Wow! Thank you for the comment. Lacy Brown was Class of 1964, two years ahead of Grillo (and me). Who are your dad & uncle? I was the quiet nerdy kid who did not play sports. But there's a good chance I remember them.

Master4Caster said...

I reread my article and realized I made a brain fart. Lacy Brown was not part of Carroll's 1966 basketball team. Thanks for point that out.

Anonymous said...

Saw Marcel today along with many other former Carroll players, coaches and teachers. Maus Collins and Bob Dwyer were inducted as the first members of the ACHS athletic hall of fame. A couple of hundred attendees. It was great to see a lot of the old timers.

Anonymous said...

Coley O'brien graduated from St. John's in June 1965. St John's was 10-0 his final season and topped ranked in the DC metro area. Jim Fisher was the quraterback when Carroll won 7-0 in the fall of 65.

Master4Caster said...

The mind is the second thing to go. Thanks for the corrections. Now that you point that out, I do recall it as you say it.

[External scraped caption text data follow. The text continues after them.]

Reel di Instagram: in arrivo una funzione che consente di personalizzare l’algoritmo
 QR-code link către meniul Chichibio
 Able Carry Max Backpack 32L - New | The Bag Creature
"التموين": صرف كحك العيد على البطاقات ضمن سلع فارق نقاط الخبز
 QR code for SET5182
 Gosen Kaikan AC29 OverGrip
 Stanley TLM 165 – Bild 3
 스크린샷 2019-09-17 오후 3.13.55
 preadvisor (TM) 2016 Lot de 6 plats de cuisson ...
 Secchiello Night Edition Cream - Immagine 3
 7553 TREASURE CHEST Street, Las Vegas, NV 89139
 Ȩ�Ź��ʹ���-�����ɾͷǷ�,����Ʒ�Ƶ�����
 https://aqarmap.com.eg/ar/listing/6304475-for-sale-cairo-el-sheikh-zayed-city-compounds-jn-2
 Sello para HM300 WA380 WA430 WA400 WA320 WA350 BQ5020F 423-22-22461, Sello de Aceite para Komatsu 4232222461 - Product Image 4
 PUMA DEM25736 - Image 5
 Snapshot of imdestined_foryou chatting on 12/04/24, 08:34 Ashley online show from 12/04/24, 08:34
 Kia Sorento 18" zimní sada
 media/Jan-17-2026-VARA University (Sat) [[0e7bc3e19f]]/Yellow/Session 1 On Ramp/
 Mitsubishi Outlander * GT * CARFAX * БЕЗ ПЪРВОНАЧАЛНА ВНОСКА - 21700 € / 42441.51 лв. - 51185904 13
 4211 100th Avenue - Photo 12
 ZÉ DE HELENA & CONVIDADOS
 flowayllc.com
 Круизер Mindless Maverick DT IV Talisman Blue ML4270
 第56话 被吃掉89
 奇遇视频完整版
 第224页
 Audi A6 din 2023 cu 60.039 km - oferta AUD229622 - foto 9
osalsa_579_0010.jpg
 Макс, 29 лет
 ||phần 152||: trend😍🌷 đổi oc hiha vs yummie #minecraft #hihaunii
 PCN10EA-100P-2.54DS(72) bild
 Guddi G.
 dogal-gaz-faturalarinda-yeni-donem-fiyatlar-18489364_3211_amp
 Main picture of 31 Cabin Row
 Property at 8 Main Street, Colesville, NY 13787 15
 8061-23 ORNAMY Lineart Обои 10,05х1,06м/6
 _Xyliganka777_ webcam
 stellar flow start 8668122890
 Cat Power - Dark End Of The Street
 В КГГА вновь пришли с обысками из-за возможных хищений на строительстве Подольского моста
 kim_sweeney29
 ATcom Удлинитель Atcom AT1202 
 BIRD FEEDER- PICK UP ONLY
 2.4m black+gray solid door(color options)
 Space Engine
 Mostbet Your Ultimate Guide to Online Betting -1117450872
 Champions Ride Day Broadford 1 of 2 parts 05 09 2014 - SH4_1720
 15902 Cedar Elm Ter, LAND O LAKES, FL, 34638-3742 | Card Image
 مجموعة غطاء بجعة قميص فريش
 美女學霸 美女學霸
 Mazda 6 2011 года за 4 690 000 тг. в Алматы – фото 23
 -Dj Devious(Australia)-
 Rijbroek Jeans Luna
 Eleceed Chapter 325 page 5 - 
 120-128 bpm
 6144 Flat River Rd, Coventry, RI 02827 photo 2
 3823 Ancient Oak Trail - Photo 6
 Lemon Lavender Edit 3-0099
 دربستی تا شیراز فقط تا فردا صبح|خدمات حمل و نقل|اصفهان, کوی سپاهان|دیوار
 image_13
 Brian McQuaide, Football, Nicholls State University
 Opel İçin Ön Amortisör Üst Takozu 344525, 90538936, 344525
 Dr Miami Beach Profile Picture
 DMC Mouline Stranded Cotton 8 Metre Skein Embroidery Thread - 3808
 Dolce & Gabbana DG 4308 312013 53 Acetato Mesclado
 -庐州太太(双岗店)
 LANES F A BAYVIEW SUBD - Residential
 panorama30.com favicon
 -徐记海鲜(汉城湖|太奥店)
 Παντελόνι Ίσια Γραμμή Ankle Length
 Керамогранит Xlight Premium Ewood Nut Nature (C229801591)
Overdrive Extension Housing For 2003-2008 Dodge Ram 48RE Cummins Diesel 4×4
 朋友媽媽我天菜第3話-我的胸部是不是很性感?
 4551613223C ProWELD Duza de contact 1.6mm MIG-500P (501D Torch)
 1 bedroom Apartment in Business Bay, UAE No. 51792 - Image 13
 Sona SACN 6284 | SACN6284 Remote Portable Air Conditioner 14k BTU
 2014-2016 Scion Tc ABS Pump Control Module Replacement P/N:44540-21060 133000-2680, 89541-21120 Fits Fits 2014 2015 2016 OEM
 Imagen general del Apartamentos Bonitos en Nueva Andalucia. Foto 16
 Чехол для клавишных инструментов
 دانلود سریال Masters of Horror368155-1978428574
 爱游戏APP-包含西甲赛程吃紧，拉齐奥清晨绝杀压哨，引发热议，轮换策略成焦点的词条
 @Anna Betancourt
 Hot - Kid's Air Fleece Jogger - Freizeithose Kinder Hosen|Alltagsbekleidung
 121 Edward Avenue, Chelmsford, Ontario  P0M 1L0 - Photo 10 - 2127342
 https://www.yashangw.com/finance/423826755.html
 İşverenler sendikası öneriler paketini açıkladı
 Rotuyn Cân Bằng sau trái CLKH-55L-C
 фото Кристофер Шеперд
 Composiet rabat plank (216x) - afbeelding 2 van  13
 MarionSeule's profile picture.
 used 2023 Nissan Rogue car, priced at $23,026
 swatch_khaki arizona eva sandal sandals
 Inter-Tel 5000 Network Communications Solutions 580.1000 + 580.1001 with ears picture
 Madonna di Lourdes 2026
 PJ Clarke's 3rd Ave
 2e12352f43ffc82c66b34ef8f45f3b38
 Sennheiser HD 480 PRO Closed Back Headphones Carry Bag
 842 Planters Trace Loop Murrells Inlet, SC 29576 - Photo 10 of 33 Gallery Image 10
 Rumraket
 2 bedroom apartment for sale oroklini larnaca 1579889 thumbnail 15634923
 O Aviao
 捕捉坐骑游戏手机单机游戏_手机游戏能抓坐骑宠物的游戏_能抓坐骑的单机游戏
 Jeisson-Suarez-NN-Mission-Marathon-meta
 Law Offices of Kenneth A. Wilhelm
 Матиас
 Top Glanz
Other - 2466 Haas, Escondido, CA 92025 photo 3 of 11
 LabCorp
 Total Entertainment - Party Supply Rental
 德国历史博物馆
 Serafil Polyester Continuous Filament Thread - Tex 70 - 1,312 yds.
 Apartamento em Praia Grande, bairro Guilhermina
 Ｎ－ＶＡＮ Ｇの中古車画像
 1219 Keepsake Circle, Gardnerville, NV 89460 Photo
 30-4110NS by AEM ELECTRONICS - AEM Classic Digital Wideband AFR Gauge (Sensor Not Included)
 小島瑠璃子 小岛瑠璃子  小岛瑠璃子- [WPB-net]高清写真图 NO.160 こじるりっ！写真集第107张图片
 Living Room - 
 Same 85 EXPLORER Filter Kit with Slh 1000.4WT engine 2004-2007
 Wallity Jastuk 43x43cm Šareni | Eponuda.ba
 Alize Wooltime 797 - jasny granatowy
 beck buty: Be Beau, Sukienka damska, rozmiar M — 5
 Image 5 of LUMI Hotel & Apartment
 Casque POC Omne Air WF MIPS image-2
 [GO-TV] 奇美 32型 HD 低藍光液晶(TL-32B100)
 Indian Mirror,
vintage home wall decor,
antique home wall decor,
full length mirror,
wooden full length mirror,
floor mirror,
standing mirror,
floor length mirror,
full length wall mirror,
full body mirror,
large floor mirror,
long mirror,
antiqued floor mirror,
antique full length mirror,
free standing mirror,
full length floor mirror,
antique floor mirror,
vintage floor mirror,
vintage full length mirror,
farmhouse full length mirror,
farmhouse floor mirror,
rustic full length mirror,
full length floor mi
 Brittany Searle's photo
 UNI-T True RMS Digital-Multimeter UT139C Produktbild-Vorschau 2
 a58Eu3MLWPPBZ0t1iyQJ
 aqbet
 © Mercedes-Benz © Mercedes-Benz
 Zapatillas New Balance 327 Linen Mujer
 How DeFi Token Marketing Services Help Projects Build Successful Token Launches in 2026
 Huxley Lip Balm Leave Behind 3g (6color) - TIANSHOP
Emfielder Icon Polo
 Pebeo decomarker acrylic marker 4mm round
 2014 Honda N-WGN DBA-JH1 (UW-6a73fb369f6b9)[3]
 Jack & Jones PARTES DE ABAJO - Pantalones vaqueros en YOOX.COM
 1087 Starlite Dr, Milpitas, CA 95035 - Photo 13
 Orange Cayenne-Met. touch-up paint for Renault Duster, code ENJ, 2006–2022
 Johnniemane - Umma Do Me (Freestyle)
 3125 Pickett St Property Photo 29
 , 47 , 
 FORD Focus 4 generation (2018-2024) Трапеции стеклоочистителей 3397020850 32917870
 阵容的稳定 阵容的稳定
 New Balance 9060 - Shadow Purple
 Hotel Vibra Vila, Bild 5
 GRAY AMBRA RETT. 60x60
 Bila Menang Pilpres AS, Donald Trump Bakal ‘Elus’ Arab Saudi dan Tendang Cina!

Still like the thought that the '66 football team beat O'Brien, though.

1966, was that really 40 years ago? Wow.

Unknown said...

Sid Catlett and Austin Carr preceded Digger Phelps at Notre Dame. Their coach was Johnny Dee.

Another interesting Notre Dame angle is that Fr. Edward "Monk" Malloy was a basketball teammate of John Thompson, Jr., the former Georgetown coach, at Archbishop Carroll High School. Malloy would play hoops at ND, while Thompson would play at Providence.

Unknown said...

One more thing: Collis Jones, from St. John's, played on that ND team with Carr and Catlett. As seniors, they teamed up to stun mighty UCLA, which wouldn't lose again until 88 games had passed and Notre Dame -- this time under Digger Phelps -- would beat them. The latter ND team was was led by John Shumate, Gary Brokaw, and Dwight Clay, along with Adrian Dantley, a freshman from DeMatha.

Anonymous said...

Interesting read. I found it while researching Maus Collins. One small point I'd like to correct is that Claude Prather played under the legendary Roy Lester at Richard Montgomery, not at Montgomery Blair. And RM was not "a white team", but rather a mixed race team that was predominately white. RM had many outstanding black athletes (Butch Isreal, Squeaky Hebron and Billy Summerour come to mind) before Claude but he was probably the first to have such a big leadership role as quarterback.

Anonymous said...

I was just about to write that Prather played for RM. Additionally, he was quite a basketball player there as well.

Unknown said...

Marcell C had appendicitis. Joe H., Carroll class of 1964.